L’uomo fa esperienza di sé come qualcosa di contingente, come qualunque, come “proprio io” (che non si è scelto); come uomo che è precisamente così come è (per quanto possa essere tutt’altro); come proveniente da un’origine di cui non risponde e con la quale deve tuttavia identificarsi; come “qui” e come “ora”. Questo paradosso fondamentale dell’appartenenza reciproca della libertà e della contingenza, questo paradosso che è un’impostura, il dono fatale della libertà, si chiarisce come segue. Essere libero significa: essere straniero; non essere legato a niente di preciso, non essere tagliato per niente di preciso; trovarsi nell’orizzonte del qualunque; in una postura tale per cui il qualunque può anche essere incontrato in altri qualunque. Nel qualunque, che posso trovare grazie alla mia libertà, è anche il mio proprio io che incontro; questo, pur appartenendo al mondo, è straniero a se stesso. Incontrato come contingente, l’io è per così dire vittima della propria libertà.

Vogliamo partire dalla situazione specifica dell’uomo nel mondo per comprendere il fatto che può esserci in generale esperienza per lui. L’esperienza è l’indice di questa situazione specifica così come dell’intimità tra l’uomo e il mondo, nella misura in cui esprime la loro reciproca comunicazione.
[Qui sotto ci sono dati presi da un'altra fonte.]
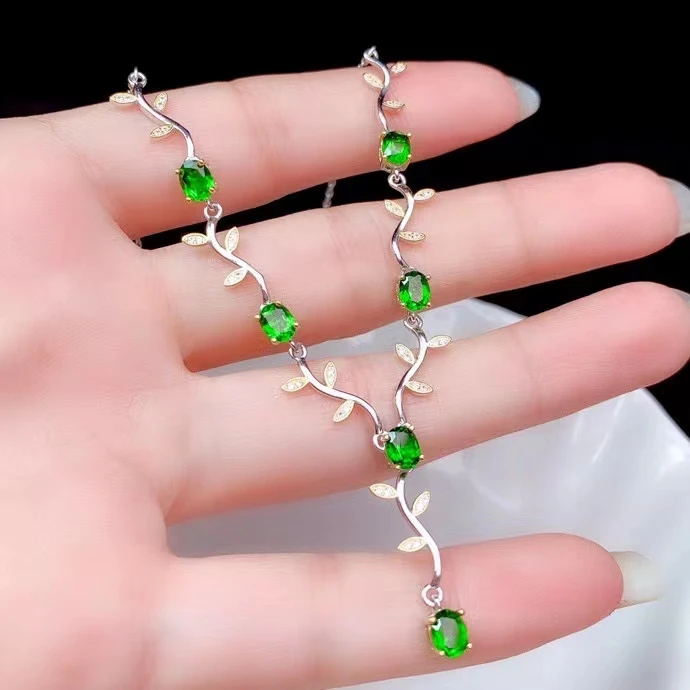 KJJEAXCMY fine jewelry 925 sterling silver inlaid Natural Diopside Women's vintage classic plant gem pendant necklace chain Gift
KJJEAXCMY fine jewelry 925 sterling silver inlaid Natural Diopside Women's vintage classic plant gem pendant necklace chain Gift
A partire da Kant, l’esperienza è considerata una conoscenza a posteriori, ciò che, dal punto di vista antropologico, significa una conoscenza après coup: l’uomo è installato nel mondo in modo da raggiungerlo après coup, retroattivamente. L’uomo “viene al mondo”; inizialmente ne è escluso. Non è integrato né in equilibrio col mondo, non è tagliato per il mondo. Perciò, non può anticiparne una nozione materiale. È costretto a recuperare il mondo che, già da sempre, è in anticipo su di lui.

In primo luogo, chiariremo questa posteriorità del mondo, questa insufficienza di integrazione e questa estraneità dell’uomo al mondo mettendo a confronto l’esistenza umana con l’esistenza animale, che, d’altronde, ci limiteremo a esaminare solo grosso modo e per sommi capi.

Solitamente consideriamo l’animale come un essere istintuale che, relativamente indipendente dall’esperienza e dalla memoria, ha familiarità con il mondo in cui è installato e che, senza ricorrere all’apprendimento, sa come comportarvisi. La sphex trova senza doverlo cercare il centro nervoso della preda che paralizza, così come l’uccello migratore trova il Sud. Il mondo è dato in anticipo all’animale come il seno al lattante, come l’esistenza di un sesso all’altro. È un mondo che non ha bisogno di essere appreso. È una materia data a priori. Questa materia anticipata è la condizione dell’esistenza animale; più che una conditio sine qua non, essa ne è come il con-ditum, la dote dell’animale. L’animale non viene al mondo, il suo mondo viene con lui. Il principio che regge questa “materia a priori” è tanto semplice quanto sorprendente: la domanda dell’animale e l’offerta del mondo coincidono. La specifica integrazione dell’animale con il mondo potrebbe essere indicata con l’espressione “adeguazione al bisogno”. L’animale non chiede più di quanto il mondo possa dargli in anticipo, anche se non sempre la cosa richiesta è a sua disposizione. Il suo essere è garante dell’esistenza della sua materia a priori, allo stesso modo che il polmone garantisce l’esistenza dell’aria, la bocca quella della nutrizione, e la pinna quella dell’acqua.